The company said on Thursday that it expects capital expenditure for the project to increase to $8.8 billion.
"We are clearly disappointed that the diversity of challenges that our Minas-Rio project has faced has contributed to a significant increase in capital expenditure," outgoing Chief Executive Cynthia Carroll said.
"Despite the difficulties, we continue to be confident of the medium and long-term attractiveness and strategic positioning of Minas-Rio and we remain committed to the project."
Minas-Rio, a leading iron ore project in Brazil, is one of Anglo's most significant capital allocation failures of recent years and was largely responsible for Carroll's fall from grace. Anglo bought its first stake in Minas-Rio in 2007, taking control in 2008 with a $5.5 billion deal with Brazilian billionaire Eike Batista's MMX - right at its peak.
The project was intended to help to diversify a company that was still dependent on South Africa for the bulk of its revenue, but has instead been a bruising top-of-the-market deal.
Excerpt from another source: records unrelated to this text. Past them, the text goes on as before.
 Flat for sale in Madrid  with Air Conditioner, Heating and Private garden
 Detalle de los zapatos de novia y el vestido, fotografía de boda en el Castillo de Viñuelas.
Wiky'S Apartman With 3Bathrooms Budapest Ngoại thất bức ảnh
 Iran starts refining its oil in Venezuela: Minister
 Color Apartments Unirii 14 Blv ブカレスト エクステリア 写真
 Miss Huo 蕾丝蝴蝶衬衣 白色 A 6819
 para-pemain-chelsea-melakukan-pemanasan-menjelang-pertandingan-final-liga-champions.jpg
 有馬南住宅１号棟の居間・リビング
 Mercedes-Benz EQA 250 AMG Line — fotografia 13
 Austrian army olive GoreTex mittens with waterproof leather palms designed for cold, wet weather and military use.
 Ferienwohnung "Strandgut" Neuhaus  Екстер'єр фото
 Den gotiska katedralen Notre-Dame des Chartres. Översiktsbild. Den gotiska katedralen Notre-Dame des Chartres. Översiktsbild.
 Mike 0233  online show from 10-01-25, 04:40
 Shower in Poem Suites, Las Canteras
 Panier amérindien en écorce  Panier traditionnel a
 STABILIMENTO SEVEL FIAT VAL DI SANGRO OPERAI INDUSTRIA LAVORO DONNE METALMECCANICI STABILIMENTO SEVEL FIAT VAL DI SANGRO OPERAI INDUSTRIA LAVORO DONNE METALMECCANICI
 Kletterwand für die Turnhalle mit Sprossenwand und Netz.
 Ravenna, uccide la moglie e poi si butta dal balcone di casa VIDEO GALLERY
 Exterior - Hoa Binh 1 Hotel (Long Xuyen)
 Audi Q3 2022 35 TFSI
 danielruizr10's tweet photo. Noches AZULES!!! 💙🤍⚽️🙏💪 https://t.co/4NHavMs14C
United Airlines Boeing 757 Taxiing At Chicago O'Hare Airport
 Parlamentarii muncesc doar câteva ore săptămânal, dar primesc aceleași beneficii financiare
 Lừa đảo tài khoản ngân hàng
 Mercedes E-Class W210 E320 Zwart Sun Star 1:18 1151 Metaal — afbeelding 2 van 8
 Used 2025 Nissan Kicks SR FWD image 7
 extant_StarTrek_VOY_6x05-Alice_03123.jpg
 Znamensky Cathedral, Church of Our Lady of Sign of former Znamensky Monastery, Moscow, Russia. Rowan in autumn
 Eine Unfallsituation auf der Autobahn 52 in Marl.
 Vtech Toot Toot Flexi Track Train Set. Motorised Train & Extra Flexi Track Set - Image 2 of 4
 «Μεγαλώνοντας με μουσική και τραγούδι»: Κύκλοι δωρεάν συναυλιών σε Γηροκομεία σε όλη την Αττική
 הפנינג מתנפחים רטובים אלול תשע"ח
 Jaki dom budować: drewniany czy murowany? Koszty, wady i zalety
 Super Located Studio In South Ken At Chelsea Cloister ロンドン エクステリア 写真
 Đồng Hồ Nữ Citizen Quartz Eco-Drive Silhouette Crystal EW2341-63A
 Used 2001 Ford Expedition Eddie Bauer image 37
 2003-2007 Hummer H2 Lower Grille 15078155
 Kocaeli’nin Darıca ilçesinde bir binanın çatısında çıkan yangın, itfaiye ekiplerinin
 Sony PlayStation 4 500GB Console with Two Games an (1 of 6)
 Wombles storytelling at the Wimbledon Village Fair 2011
Anglo spent $4.8 billion buying Minas Rio - excluding the value of the Amapa mine, bought as part of the original deal but which Anglo has agreed to sell. It has spent $5 billion on developing it so far and said last year that total development costs could exceed $8 billion - more than three times original estimates.
Development costs in Brazil have been driven higher by issues such as the Olympics and the soccer World Cup, which have increased demand for labour.
Anglo is not the only company to have met with permitting hiccups in Brazil, with even Vale, the world's largest iron ore producer, being hit and ENRC's project there.
The company said it is still targeting first ore on ship by the end of 2014 despite the challenges facing Minas-Rio.